In the third quarter of last year, Mozambique recorded a negative variation of 1.7% in imports of goods, totaling 6.4 billion dollars compared to 6.5 billion dollars in the same period of 2023..
The data is contained in the quarterly Balance of Payments (BoP) bulletin released by the Bank of Mozambique (BoM), to which MZNews had access. According to the document, the reduction in imports from the Major Projects (GP) was essentially due to the fall in imports of goods from both the Major Projects (GP) and the traditional economy by 4.9% and 1.2%, respectively.
According to the BoM, in terms of categories of goods, including GPs, the highlight goes to intermediate goods, which cost the country 1.9 billion dollars, representing a weight of 38.8% over total imports, although these have seen an annual reduction of 15%.

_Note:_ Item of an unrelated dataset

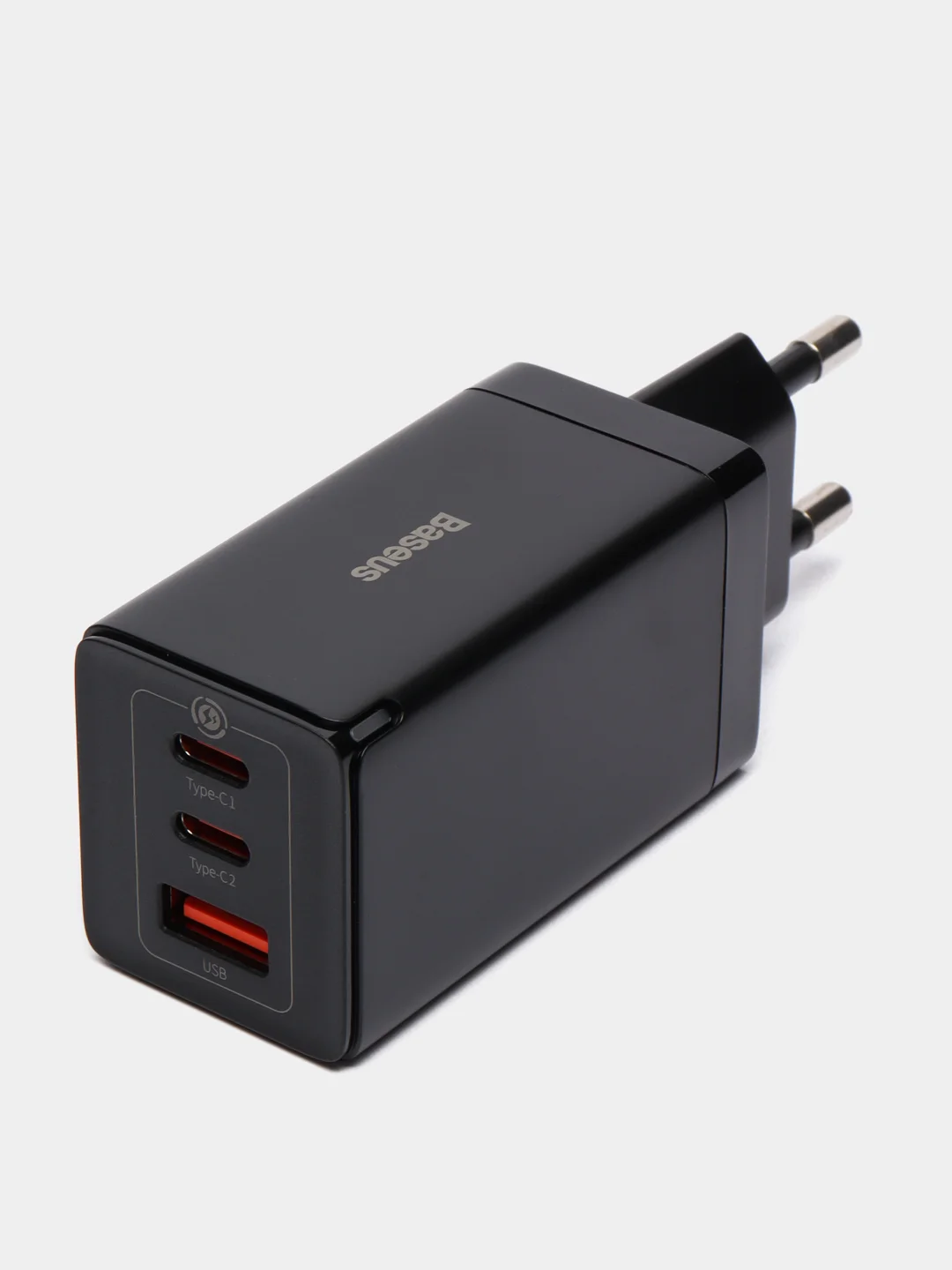 Белый зарядное устройство Baseus GaN3 Pro Fast Charger 2C, U 65W EU, кабель 100W, CCGP050102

"The main contributors to the worsening were expenditure on the purchase of raw aluminium (53%), fertilizers (36%), construction materials (excluding cement) (13%) and fuel (8%)," the document points out.
Consumer goods, meanwhile, with a weight of 25% on the total import bill, saw annual growth of 1%, reaching 1.6 billion dollars, influenced by the increase in spending on the following products: rice and school books with 63% and 38%, respectively.
Meanwhile, Capital Goods, which accounted for 18% of the total bill, contracted by 5.5% over the year to a total of 1.1 billion dollars, influenced by a 45 million dollar reduction in the purchase of miscellaneous machinery.
South Africa was the main country of origin of Mozambican imports, accounting for 25% of the total, which corresponds to 1.6 billion dollars, followed by China, India, Singapore and Oman, with 17%, 7%, 6% and 5% of the country's total spending, respectively.